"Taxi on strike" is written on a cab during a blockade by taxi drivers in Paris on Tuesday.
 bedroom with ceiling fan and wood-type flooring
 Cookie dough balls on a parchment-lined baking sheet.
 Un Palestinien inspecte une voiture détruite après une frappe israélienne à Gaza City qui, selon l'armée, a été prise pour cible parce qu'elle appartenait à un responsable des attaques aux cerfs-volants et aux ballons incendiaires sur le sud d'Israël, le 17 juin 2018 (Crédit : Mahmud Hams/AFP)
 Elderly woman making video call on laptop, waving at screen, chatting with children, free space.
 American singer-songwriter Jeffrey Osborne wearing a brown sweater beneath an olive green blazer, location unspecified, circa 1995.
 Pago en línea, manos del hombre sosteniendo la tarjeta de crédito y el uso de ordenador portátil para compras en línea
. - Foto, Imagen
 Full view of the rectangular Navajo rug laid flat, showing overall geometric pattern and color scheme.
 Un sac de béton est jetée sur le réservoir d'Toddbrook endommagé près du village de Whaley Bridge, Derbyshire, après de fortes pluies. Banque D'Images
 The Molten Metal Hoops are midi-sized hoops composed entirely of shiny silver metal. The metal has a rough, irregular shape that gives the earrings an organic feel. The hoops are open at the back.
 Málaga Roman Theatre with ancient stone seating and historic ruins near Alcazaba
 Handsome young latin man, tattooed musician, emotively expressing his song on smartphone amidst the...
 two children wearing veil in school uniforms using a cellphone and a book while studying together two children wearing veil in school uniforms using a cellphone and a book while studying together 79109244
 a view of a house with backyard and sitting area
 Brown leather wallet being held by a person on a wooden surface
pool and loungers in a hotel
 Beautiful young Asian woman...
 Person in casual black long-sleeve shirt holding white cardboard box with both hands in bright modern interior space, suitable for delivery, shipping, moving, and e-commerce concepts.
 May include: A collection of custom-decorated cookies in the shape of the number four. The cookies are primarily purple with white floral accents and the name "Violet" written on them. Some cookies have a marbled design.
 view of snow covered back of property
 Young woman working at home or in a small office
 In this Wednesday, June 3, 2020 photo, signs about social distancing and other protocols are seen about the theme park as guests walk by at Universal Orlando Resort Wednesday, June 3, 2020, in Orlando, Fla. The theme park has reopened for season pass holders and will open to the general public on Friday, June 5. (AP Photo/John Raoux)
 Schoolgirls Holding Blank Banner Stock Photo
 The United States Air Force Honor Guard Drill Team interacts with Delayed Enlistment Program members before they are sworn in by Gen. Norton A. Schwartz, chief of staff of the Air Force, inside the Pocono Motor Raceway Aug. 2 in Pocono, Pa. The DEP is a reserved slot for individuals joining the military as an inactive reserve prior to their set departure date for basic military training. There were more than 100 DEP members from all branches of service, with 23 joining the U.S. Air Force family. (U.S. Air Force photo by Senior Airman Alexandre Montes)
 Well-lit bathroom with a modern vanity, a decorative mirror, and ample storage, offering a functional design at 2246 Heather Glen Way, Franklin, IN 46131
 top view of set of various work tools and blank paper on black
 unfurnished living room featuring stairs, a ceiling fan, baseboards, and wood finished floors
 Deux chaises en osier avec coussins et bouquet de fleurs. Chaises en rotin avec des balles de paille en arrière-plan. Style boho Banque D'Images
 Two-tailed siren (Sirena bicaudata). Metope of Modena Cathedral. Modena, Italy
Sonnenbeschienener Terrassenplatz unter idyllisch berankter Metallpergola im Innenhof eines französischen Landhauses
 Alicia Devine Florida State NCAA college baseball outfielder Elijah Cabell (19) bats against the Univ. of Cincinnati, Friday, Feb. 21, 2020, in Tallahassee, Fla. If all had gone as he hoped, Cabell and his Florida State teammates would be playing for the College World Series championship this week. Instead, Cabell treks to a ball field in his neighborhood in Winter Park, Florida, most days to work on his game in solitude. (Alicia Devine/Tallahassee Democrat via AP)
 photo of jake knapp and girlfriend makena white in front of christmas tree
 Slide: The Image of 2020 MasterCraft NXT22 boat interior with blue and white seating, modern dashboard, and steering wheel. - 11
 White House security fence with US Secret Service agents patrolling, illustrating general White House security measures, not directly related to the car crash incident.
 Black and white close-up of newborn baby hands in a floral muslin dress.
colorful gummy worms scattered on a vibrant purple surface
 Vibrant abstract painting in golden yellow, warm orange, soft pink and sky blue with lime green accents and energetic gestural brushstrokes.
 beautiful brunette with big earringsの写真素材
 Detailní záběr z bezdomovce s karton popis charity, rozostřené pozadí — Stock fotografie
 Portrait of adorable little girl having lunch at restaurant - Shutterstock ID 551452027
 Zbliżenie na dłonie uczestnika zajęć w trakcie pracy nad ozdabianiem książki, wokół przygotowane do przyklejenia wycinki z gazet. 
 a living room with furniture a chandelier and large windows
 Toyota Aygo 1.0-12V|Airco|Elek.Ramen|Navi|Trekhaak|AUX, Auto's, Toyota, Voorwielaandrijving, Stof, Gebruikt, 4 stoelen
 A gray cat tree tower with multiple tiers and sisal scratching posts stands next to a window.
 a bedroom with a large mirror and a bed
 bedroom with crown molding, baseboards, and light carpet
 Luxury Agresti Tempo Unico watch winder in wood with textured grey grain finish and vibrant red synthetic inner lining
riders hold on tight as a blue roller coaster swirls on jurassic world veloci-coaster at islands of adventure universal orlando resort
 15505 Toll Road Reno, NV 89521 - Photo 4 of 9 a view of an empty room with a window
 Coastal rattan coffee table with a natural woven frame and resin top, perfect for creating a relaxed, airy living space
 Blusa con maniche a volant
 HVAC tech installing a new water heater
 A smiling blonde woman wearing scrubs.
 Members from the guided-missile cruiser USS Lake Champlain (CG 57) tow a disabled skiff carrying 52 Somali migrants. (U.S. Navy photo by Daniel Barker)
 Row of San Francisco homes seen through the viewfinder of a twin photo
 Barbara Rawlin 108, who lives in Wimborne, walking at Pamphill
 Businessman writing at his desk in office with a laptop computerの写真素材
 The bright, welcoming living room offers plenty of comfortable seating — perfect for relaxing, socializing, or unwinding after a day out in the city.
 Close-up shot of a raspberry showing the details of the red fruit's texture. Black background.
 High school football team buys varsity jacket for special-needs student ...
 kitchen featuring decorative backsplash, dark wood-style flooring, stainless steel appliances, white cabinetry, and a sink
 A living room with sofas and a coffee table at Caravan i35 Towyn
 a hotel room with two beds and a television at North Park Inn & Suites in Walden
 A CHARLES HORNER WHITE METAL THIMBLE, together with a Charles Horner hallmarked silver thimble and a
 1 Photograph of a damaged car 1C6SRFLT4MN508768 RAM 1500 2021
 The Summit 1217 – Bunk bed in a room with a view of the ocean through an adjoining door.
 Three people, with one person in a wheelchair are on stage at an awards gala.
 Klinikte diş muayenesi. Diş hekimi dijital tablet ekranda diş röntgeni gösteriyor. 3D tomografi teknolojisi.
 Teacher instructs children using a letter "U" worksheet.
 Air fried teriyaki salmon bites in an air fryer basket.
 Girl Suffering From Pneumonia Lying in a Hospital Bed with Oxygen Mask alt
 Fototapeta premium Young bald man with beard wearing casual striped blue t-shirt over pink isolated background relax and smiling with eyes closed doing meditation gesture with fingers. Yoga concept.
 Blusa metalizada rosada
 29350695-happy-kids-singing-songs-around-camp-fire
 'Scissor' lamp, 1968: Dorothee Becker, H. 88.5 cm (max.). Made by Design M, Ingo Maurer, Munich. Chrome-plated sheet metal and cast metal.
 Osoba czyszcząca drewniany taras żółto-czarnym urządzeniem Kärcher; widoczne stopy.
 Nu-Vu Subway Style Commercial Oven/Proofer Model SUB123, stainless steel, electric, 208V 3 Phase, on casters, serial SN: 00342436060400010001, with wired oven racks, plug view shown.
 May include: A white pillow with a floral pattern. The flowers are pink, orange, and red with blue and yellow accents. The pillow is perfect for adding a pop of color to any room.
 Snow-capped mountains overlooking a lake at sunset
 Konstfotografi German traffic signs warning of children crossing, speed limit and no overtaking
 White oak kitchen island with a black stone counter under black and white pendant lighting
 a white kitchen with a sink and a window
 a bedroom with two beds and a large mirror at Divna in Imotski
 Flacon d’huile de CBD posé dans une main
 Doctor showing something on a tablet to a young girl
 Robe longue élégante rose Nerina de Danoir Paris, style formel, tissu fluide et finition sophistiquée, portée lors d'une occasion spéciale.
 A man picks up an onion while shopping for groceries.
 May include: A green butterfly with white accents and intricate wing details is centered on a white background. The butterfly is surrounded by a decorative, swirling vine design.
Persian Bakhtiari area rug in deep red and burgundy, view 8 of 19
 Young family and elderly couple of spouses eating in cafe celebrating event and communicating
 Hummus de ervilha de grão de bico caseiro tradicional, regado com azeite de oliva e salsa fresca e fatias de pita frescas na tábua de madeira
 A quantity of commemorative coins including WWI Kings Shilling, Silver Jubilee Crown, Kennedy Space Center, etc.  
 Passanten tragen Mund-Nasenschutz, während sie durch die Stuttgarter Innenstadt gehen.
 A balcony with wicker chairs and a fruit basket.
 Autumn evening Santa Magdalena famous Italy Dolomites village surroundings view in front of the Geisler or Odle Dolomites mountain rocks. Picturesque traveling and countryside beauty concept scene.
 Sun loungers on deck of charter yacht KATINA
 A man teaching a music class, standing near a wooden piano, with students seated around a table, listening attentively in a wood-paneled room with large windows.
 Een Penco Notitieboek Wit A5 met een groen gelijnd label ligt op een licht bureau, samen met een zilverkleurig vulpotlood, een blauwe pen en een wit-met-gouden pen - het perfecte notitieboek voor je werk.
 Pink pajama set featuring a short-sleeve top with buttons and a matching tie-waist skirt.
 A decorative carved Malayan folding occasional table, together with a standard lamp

====

### EXERCISE REQUIREMENTS
Only the lines above from the line containing "a hotel room" through the line containing "Girl Suffering From" should be retyped, exactly and with both ends included.

### SOLUTION FOR THIS TASK
 a hotel room with two beds and a television at North Park Inn & Suites in Walden
 A CHARLES HORNER WHITE METAL THIMBLE, together with a Charles Horner hallmarked silver thimble and a
 1 Photograph of a damaged car 1C6SRFLT4MN508768 RAM 1500 2021
 The Summit 1217 – Bunk bed in a room with a view of the ocean through an adjoining door.
 Three people, with one person in a wheelchair are on stage at an awards gala.
 Klinikte diş muayenesi. Diş hekimi dijital tablet ekranda diş röntgeni gösteriyor. 3D tomografi teknolojisi.
 Teacher instructs children using a letter "U" worksheet.
 Air fried teriyaki salmon bites in an air fryer basket.
 Girl Suffering From Pneumonia Lying in a Hospital Bed with Oxygen Mask alt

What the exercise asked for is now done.